Em segundo lugar, mesmo quando percebemos alguma coisa, raramente estamos cientes da maior parte das informações já armazenadas que vão se ajuntando aos dados sensoriais para completá-los, corrigi-los e dar-lhes um sentido. Ou seja: não temos consciência dos sistemas de representação que são utilizados para construir as imagens em nossa mente e que usamos para julgar e decidir sobre o ambiente, as pessoas e os comportamentos ao nosso redor.

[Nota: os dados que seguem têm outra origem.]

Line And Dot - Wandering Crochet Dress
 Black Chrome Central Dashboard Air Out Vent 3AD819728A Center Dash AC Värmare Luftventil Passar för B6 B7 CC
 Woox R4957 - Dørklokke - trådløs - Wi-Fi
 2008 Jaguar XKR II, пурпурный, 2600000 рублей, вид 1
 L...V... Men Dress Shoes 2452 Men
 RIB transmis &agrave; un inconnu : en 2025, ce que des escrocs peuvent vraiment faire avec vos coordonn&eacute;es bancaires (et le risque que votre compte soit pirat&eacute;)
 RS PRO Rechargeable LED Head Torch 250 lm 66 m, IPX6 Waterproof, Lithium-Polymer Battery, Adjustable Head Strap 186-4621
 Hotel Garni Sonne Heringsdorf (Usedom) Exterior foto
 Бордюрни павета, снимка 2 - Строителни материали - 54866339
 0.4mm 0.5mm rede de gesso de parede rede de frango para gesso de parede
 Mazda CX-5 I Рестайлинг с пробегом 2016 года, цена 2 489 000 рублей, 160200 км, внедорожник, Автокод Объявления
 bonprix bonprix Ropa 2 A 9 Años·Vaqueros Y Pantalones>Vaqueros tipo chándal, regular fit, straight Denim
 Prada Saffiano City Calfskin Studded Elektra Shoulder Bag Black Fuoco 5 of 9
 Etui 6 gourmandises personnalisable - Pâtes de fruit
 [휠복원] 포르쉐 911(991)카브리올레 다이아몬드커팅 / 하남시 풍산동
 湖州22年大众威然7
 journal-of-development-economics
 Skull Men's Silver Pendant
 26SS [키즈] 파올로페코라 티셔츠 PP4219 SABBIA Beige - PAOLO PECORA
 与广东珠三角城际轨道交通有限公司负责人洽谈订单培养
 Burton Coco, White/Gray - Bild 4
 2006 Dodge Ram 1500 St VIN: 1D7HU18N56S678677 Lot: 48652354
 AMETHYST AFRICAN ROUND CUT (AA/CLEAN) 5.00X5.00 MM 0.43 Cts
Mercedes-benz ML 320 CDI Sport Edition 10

Em terceiro lugar não temos a menor noção dos mecanismos de percepção subliminar que incorporam dados sensoriais às nossas representações mentais dos objetos, pessoas ou contextos percebidos. Basicamente temos filtros que, em geral, não conhecemos. É preciso um bom trabalho psicoterapêutico para trazê-los à consciência. É um trabalho eterno de auto-percepção e conhecimento.

Leituras perceptivas
O estudo da percepção nos leva a compreender melhor os fenômenos da consciência, nossas crenças e emoções e, consequentemente, a racionalidade das nossas condutas e dos nossos afetos. Quando uso o termo racionalidade preciso esclarecer uma questão muito séria: Não tomo por "racional" apenas o que se aplica ao estreito conceito de razão cartesiana, mas abarco também outras "razões" íntimas nossas. No trabalho do processo de coaching nos deparamos com razões (no sentido de motivações para ação ou inação) de ordem afetiva, cultural ou simbólica e, muitas vezes, precisamos fazer uma escavação mental dessas "razões" para que o cliente possa decidir, por exemplo, se um determinado comportamento limitante seu, que está baseado num sistema de valores de seu bisavô, ainda deve ser levado adiante ou se ele pode, consciente e responsavelmente, criar um caminho alternativo para si mesmo.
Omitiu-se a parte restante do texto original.